As for Mother Sophia - a ‘nun in the world’, a nun ‘beyond the monastery walls’ - she was a beautiful nun, although not a typical one. Stories about people like her, who choose to be outside of mainstream monasticism for various reasons, can point toward further research on diverse forms of monastic life in contemporary Russia.


In this chapter, I have discussed monasteries as places of pilgrimage in contemporary Russia. Following a more decentralised view on religious involvement and acknowledging the diversity of forms of religious life ‘beyond the walls of the church’, I began by demonstrating many different ways of practising Orthodoxy in modern-day Russia. Some of them are structured, static and local, like parishes. Some are anti-structured, nomadic, exterritorial or interregional, like networks, flashmobs and pilgrimages. I argue that monasteries are popular destinations among Orthodox and non-Orthodox believers because they can accommodate various modes of contemporary religiosity and cater for different types of visitors.
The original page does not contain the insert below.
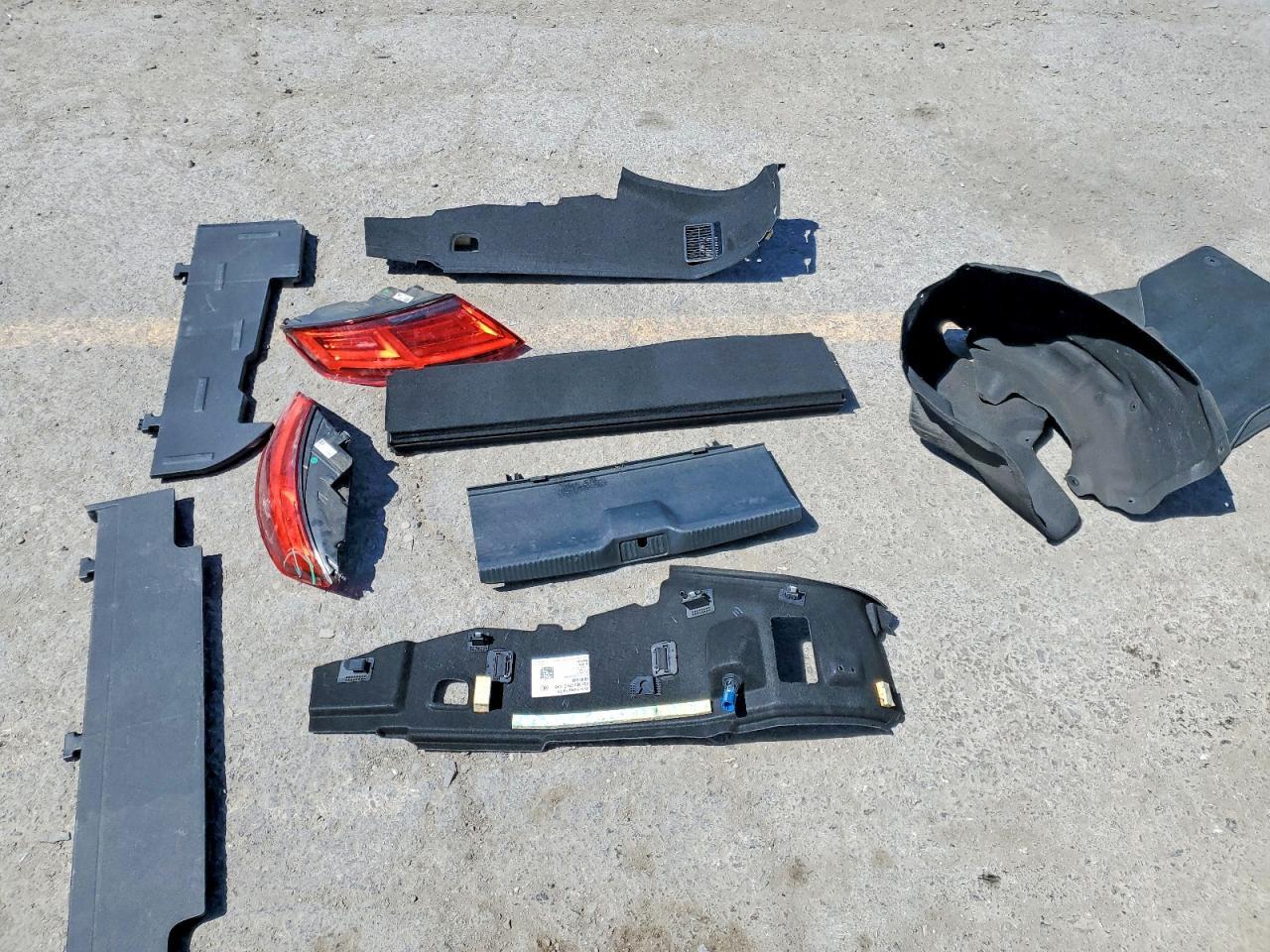 2019 Audi Tt - zdjęcie 12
I also discussed monasteries as multipurpose locations that can function in various regimens, as parishes, flashmob locations, nodes of a social network and pilgrimage sites.

Here, 1 have especially focused on trudniki as a specific type of visitor (pilgrims), those who temporarily immerse themselves in a monastic structure. They join a semi-structured community of people on the periphery and thus form one more way of being Orthodox. While trudniki might or might not live a religious life outside of the monastery, within the monastery they are bound by a semi-structured religious life that comprises elements of parish and nomadic religious regimens.

Most of these various religious regimens (excluding flashmobs) enable believers to participate in the liturgical life (confession and communion) and therefore can easily become an alternative to regular parish life. Therefore, these examples prove that various ways of Orthodox life can be found in and are supported by monasteries as multipurpose locations.

Writing about post-Soviet society’s efforts to reassess and reclaim the prerevolutionary past, Stella Rock says that ‘the revival of its monasteries is one of the most astonishing aspects of this process. While Western convents are closing and selling their property, the reverse is happening in Russia’ (Rock 2009). It could be inferred, however, that there is a number of functioning monasteries in Europe which receive the attention of researchers some of whom have contributed to this volume. However, the growth in the number of Russian monasteries and their expansion is impressive, and Diveyevo is a good example of that. Like many other monasteries, Diveyevo is famous among visitors because it caters for different types of guests. Orthodox believers and non-Orthodox tourists alike. The local villagers participate in their regular church life in monastery churches; tourists arrive each day to bathe in numerous healing springs; occasional flashmobs are organised for all who are interested: processions of the cross are welcomed every year; and finally, numerous individual pilgrims come as trudniki to help the nuns and recharge their ‘spiritual batteries’. Even underground Orthodox Christians and those seeking ‘places of power’ can feel at home here. Diveyevo caters for various types of Orthodox and non-Orthodox, believers and nonbelievers who can function here in any ‘regimen’; there is a lot to learn, do and experience here for everybody.

To conclude, Orthodox monasteries in Russia serve as multipurpose platforms that host diverse forms of religious life and welcome various types of Orthodox believers, including practising parishioners, occasional ‘flash- mobbers’, neophyte networkers and numerous pilgrims who come to monasteries on a bus tour, in a procession of the cross, or as volunteer workers. They accommodate various forms of religious life and play a significant role as pilgrimage destinations. This openness of monasteries, however, triggers a number of changes in both the inner life of communities (the need to offer pilgrim services, run hotels, etc.) and the larger community of the local population (infrastructure, housing prices, local tourism, ‘migrants’, etc.).